ASSIGNED TASK: Please retype the listing below exactly as it stands, skipping any pictures.

DATA SECTION:
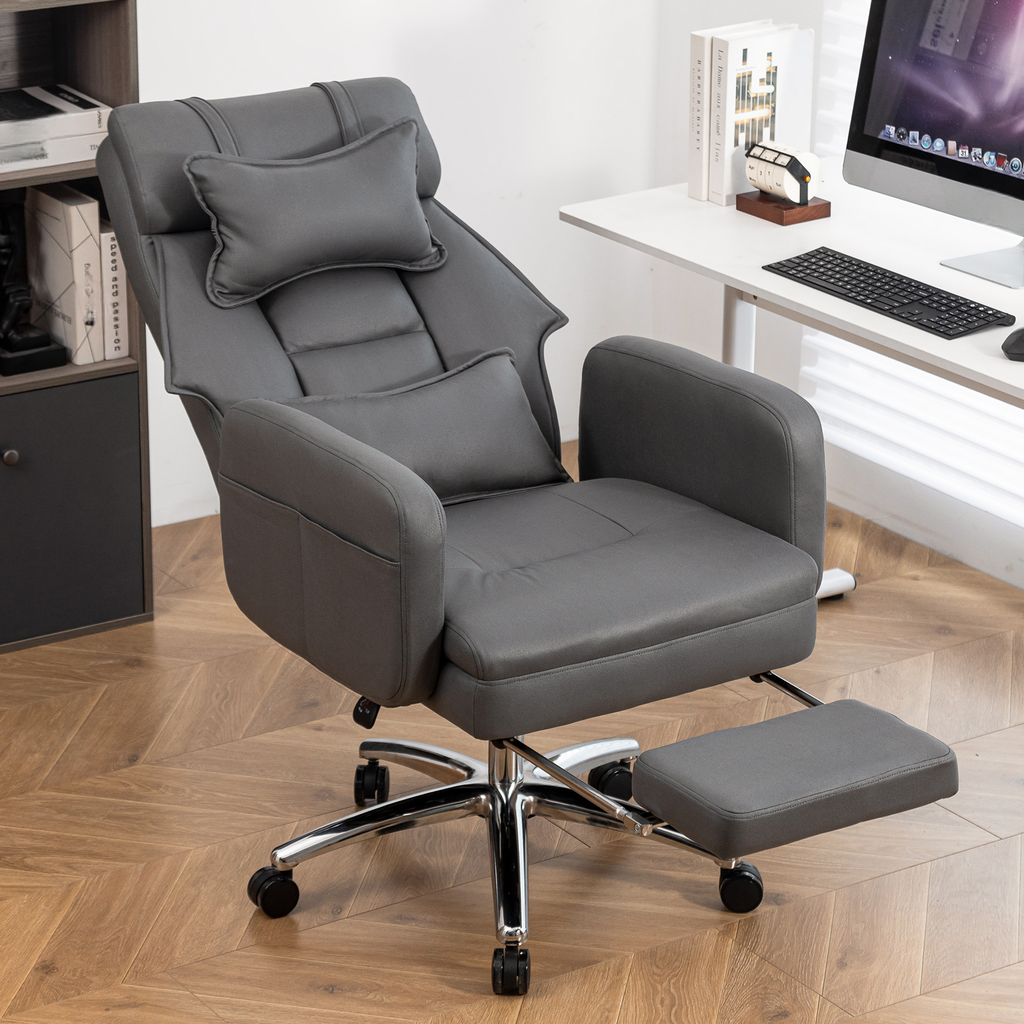 Dark grey ergonomic office chair with lumbar support and footrest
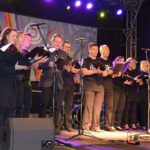 Zdjęcie przedstawia chórzystów na scenie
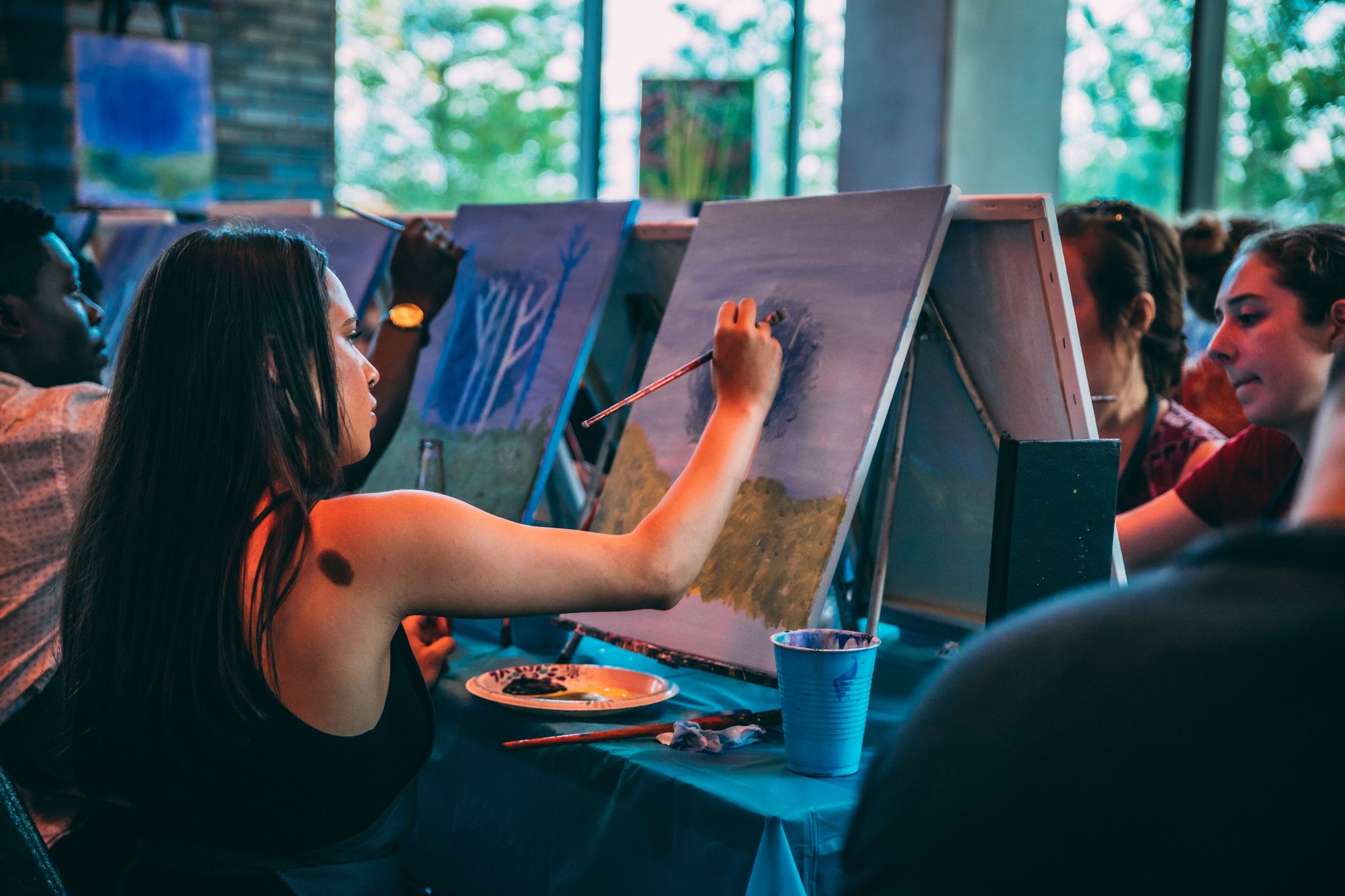 Group painting trees at a paint and sip with Paint Nite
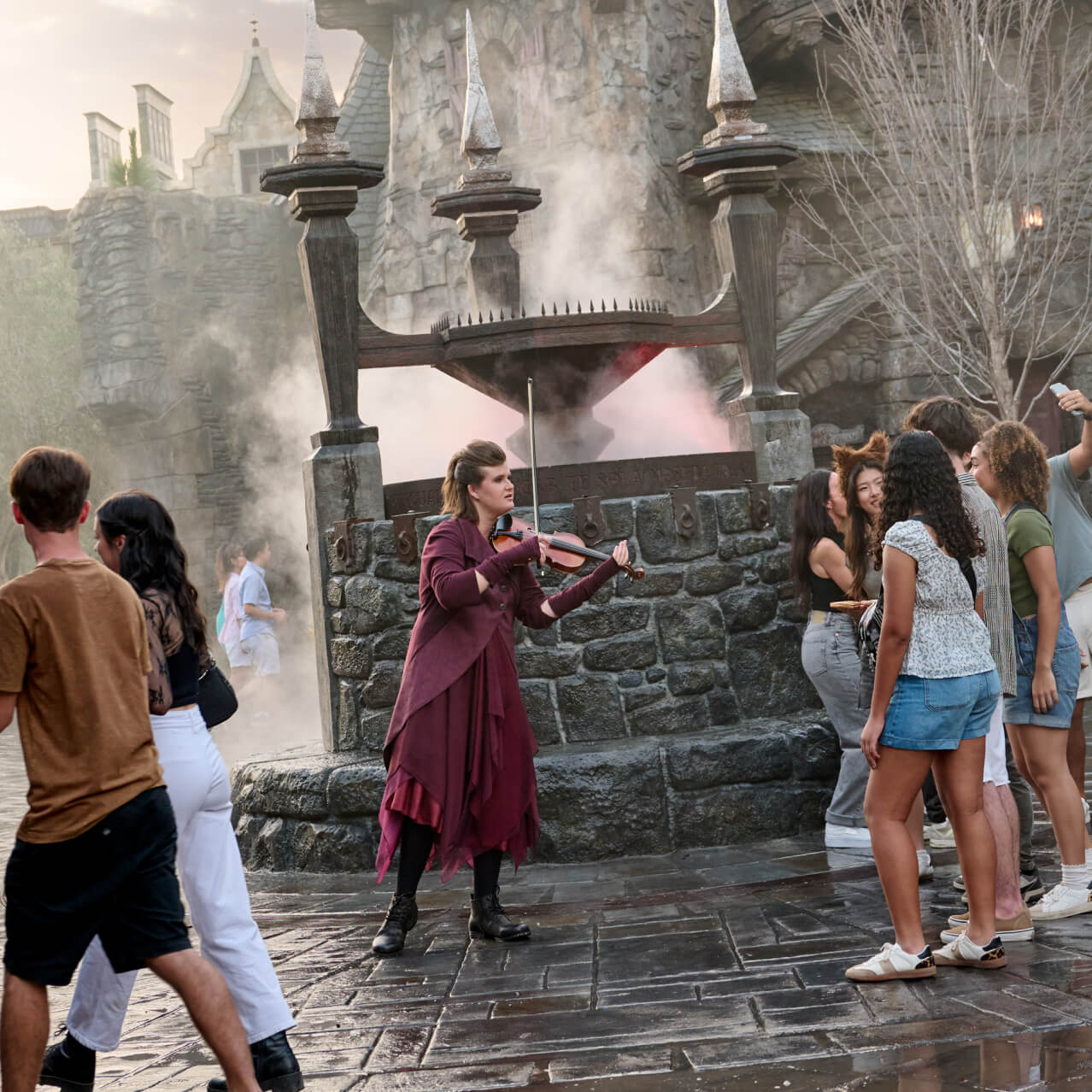 A street performer plays her violin for guests of Darkmoor Village in Dark Universe.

SOLUTION BELOW:
 Dark grey ergonomic office chair with lumbar support and footrest
 Zdjęcie przedstawia chórzystów na scenie
 Group painting trees at a paint and sip with Paint Nite
 A street performer plays her violin for guests of Darkmoor Village in Dark Universe.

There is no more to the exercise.